Despite the major strengths of our approach (i.e. population-based, large and representative sample, age 60–85 years), our study has some limitations too. As we did not include nursing home residents in our study, our findings are only applicable to elderly living in private homes. Therefore, it is possible that we underestimated somatic morbidity. Furthermore, self-rating instruments were used. Without a clinical interview – the gold-standard criterion – the prevalence of some conditions might have been overestimated or underestimated.
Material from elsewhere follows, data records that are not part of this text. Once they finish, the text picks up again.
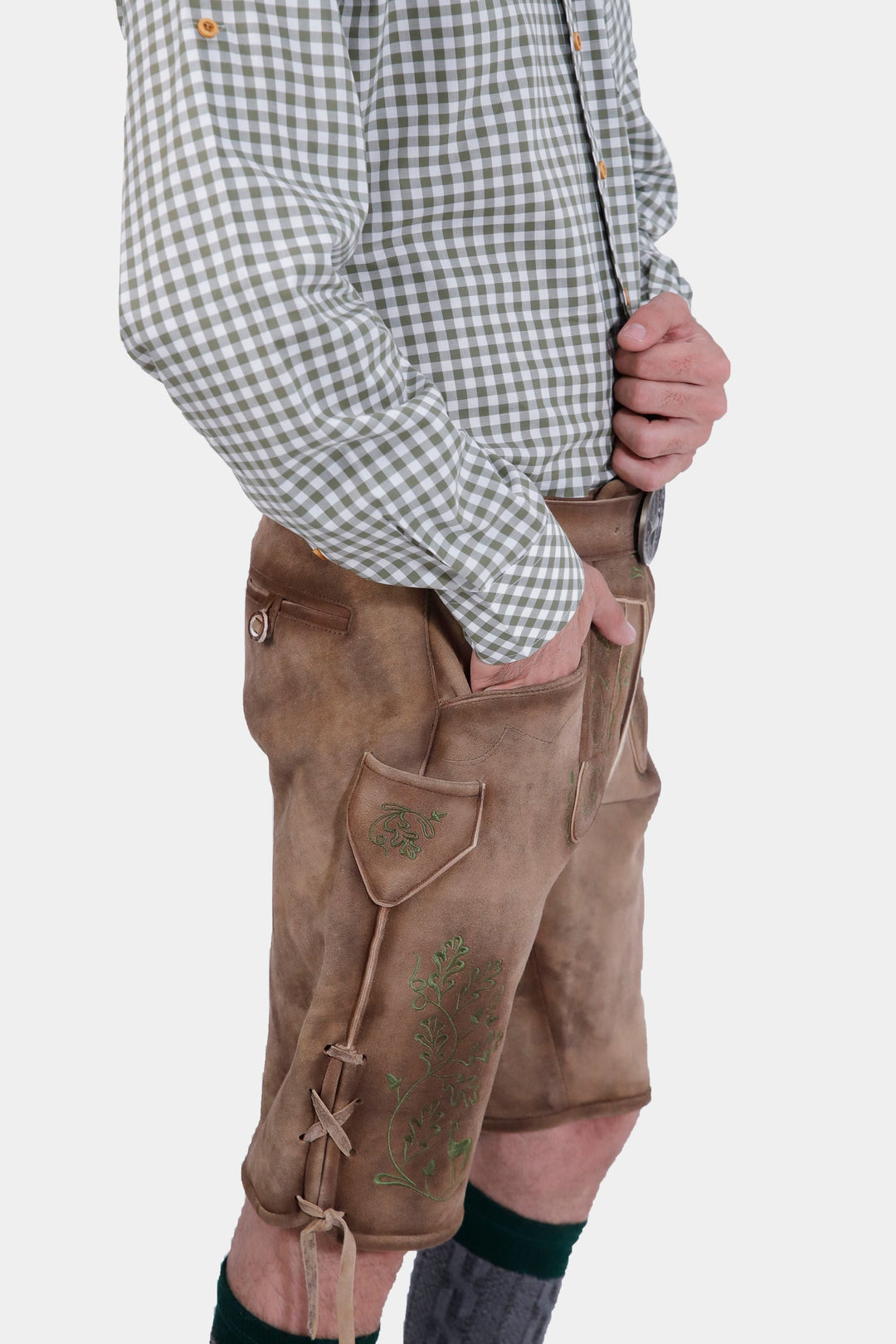 Thüringer Wald Drachen Lederhosen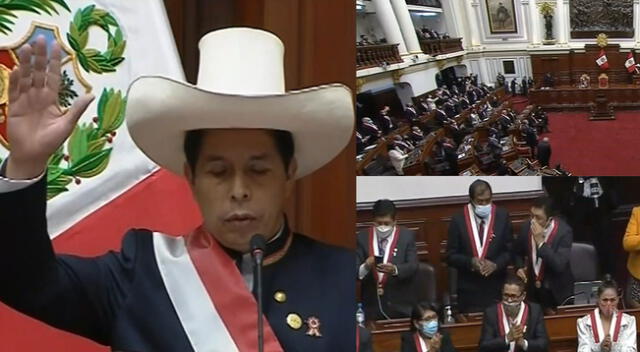 Mensaje a la Nación de Pedro Castillo generó reacciones en el Congreso.
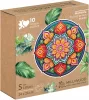 Milliwood - Mandala full of green seeds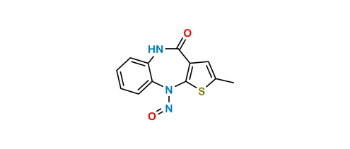 Picture of N-Nitroso Olanzapine EP Impurity B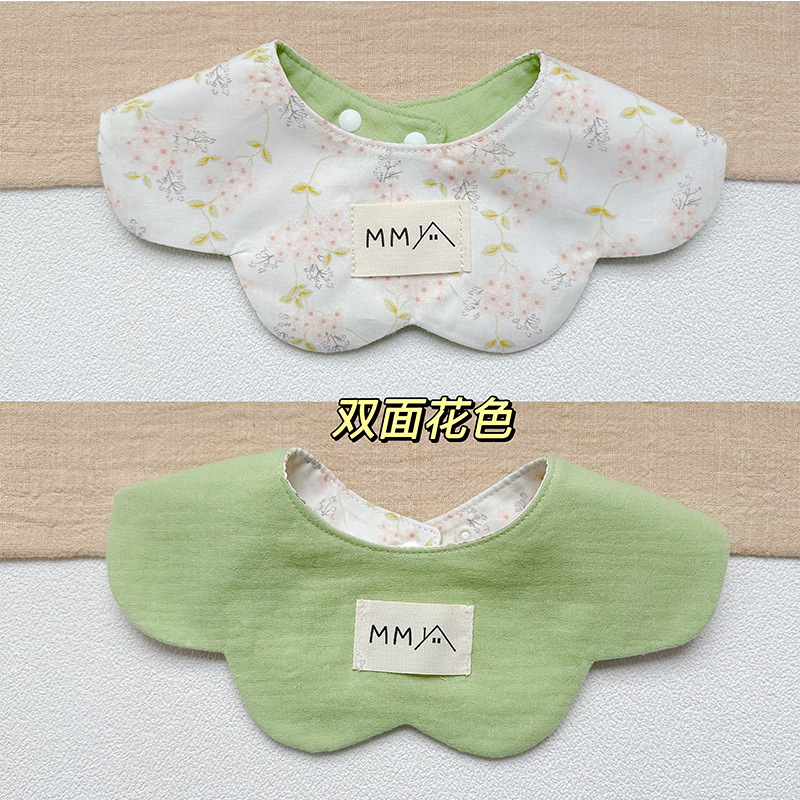 韩系两用粉物花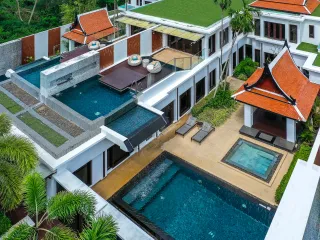 For rent 3 ベッドルーム villa in Thalang, Phuket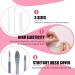 Buy SUPERFINDINGS 90Pcs PE Makeup Brushes Protector Set | Reusable Mesh Covers for Eyeshadow Brushes - International Shipping Available - Buy Online on GoSupps.com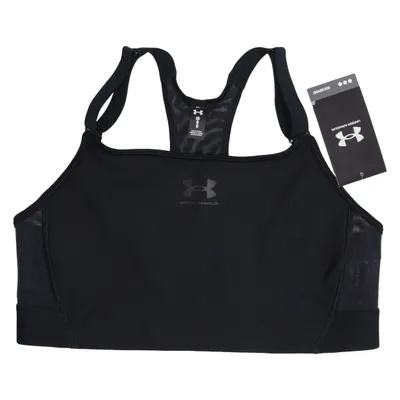 Sport-bh (Zwart) van Under Armour Elastaan, Polyester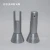Import Bathroom hardware Public toilet accessories grey silver color from China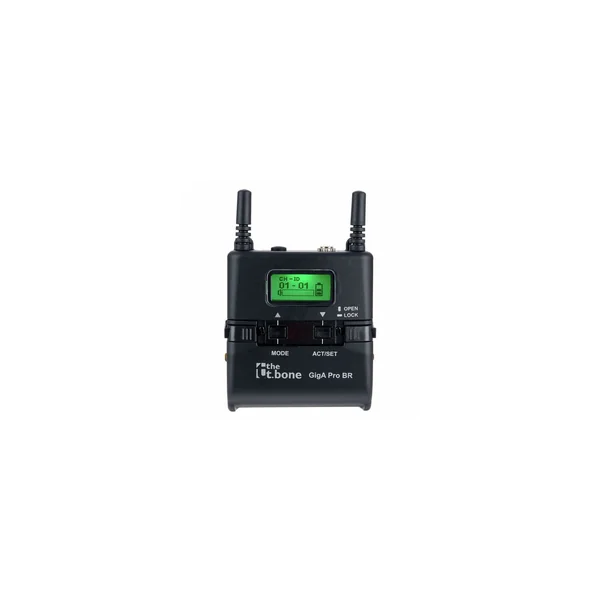 the t.bone GigA Pro Bodypack Receiver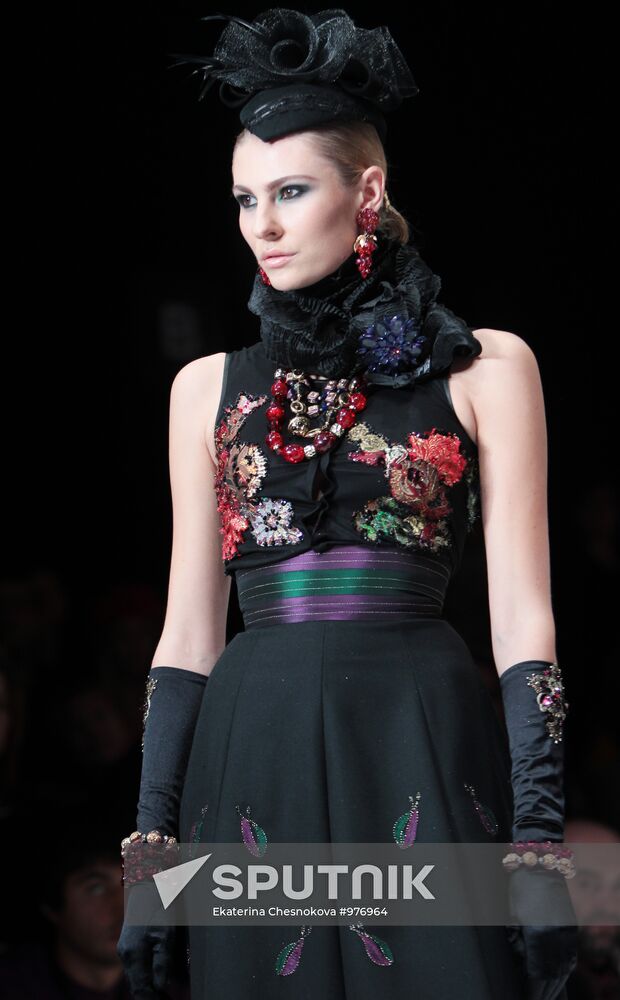 Mercedes-Benz Fashion Week in Russia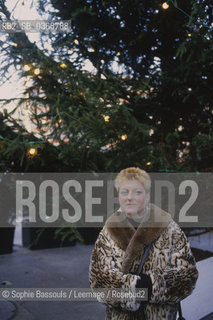 Herta Muller, le 11 decembre 1987  ©Sophie Bassouls/Leemage/Rosebud2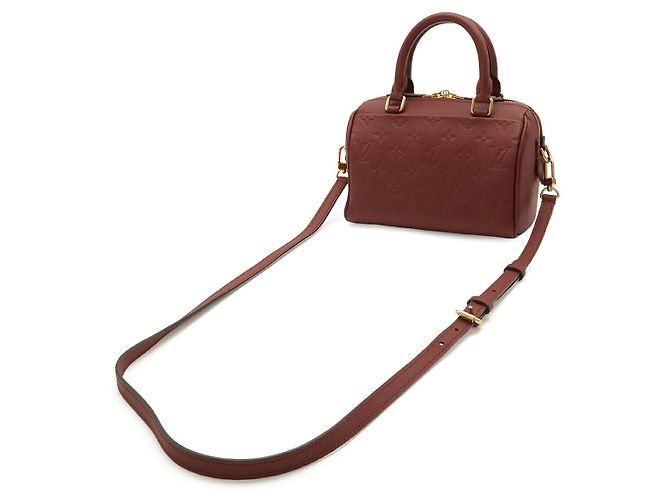 Louis Vuitton Speedy Bandouliere 20 Rosa - vista 2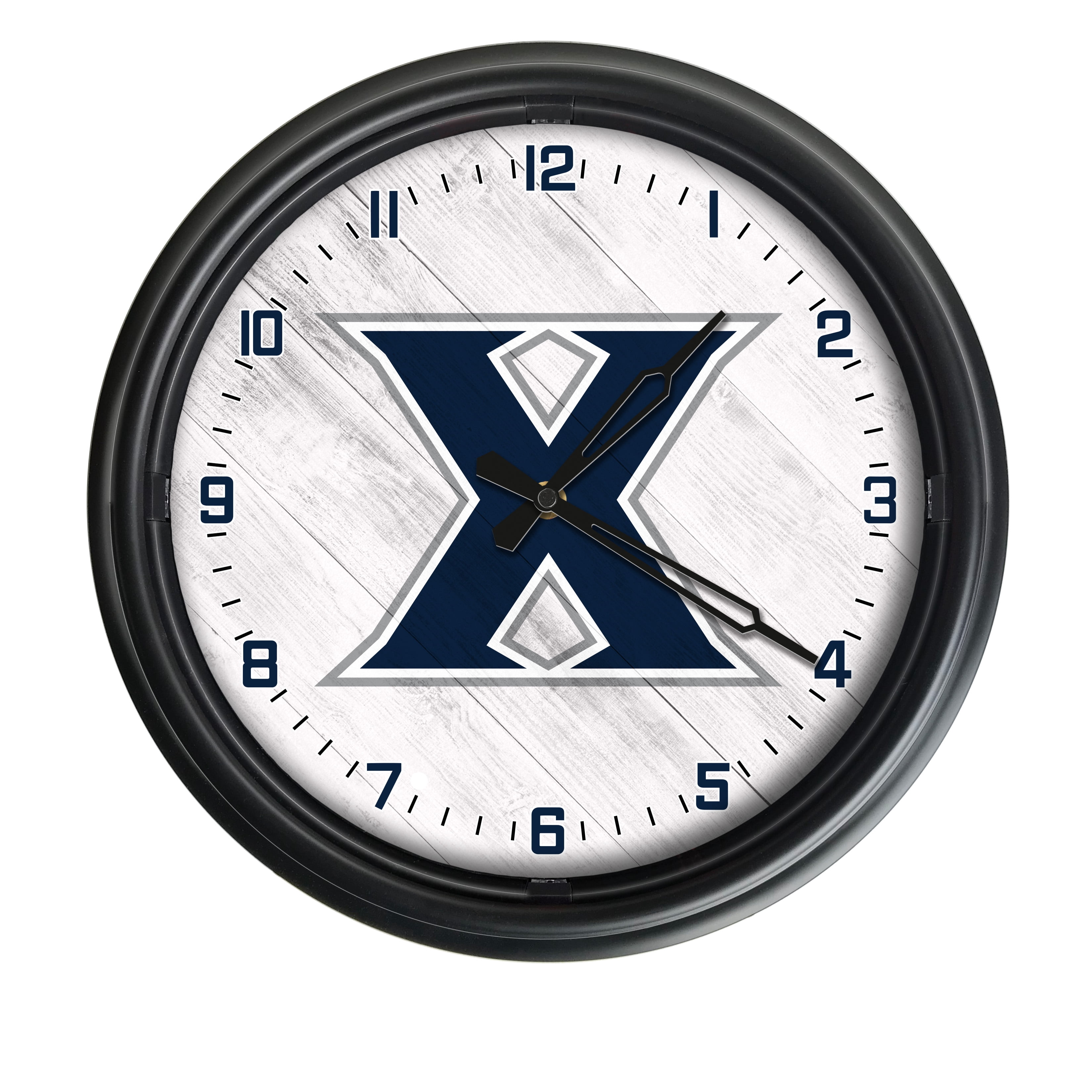 Xavier Indoor/Outdoor LED Wall Clock - Walmart.com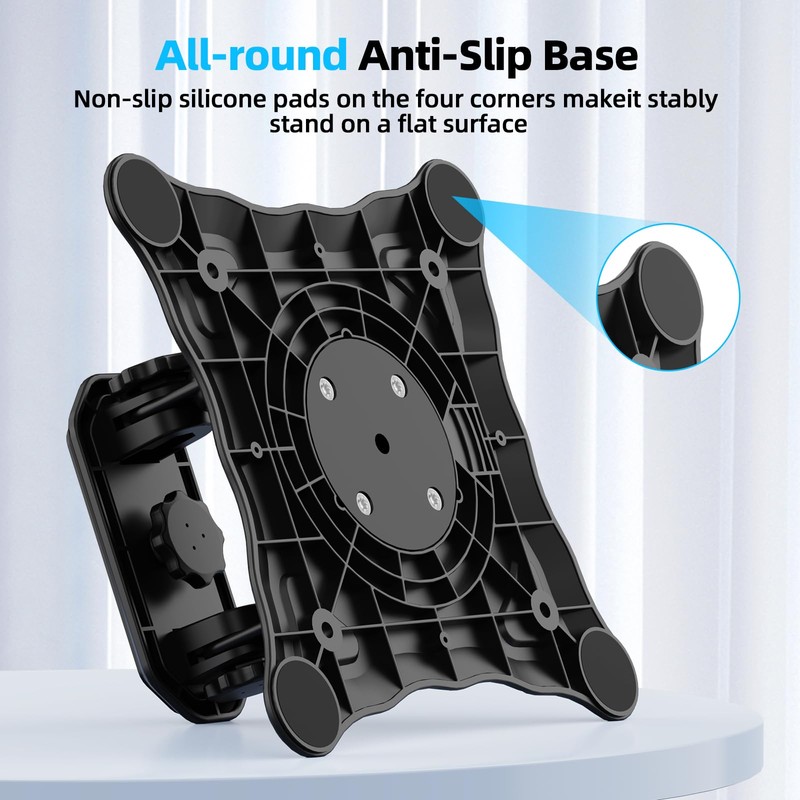 Bettdow Projector Stand, Adjustable Stand with Easy Setup and 360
However, the instruments employed are well-established and demonstrated good psychometric properties,18–21,37,47 and the agreement between self-reporting and medical charts was shown to be good.48 Unfortunately, our cross-sectional study design does not allow us to interpret findings in a causal way. If depressive symptoms such as sleep problems are either a result of a chronic condition, a result of the disease burden or independent of the condition should be prospectively studied under a longitudinal perspective.6
Notwithstanding the clear cut association between multimorbidity and PHQ-9 scores in ‘non-depressed’ and partly in ‘depressed’ elderly, the interpretation of our results remains difficult. It appears that multimorbidity is associated with higher item scores, especially in the somatic items, and multimorbid persons show higher depression severity when applying the PHQ-9 dimensionally. It must be taken into account that the PHQ-9 is confounded by multimorbidity. However, it has been demonstrated that the PHQ-9 performs well in the elderly.18–21,49 Future studies should investigate the performance of the PHQ-9 in multimorbid persons by receiver operating characteristics using a gold-standard criterion.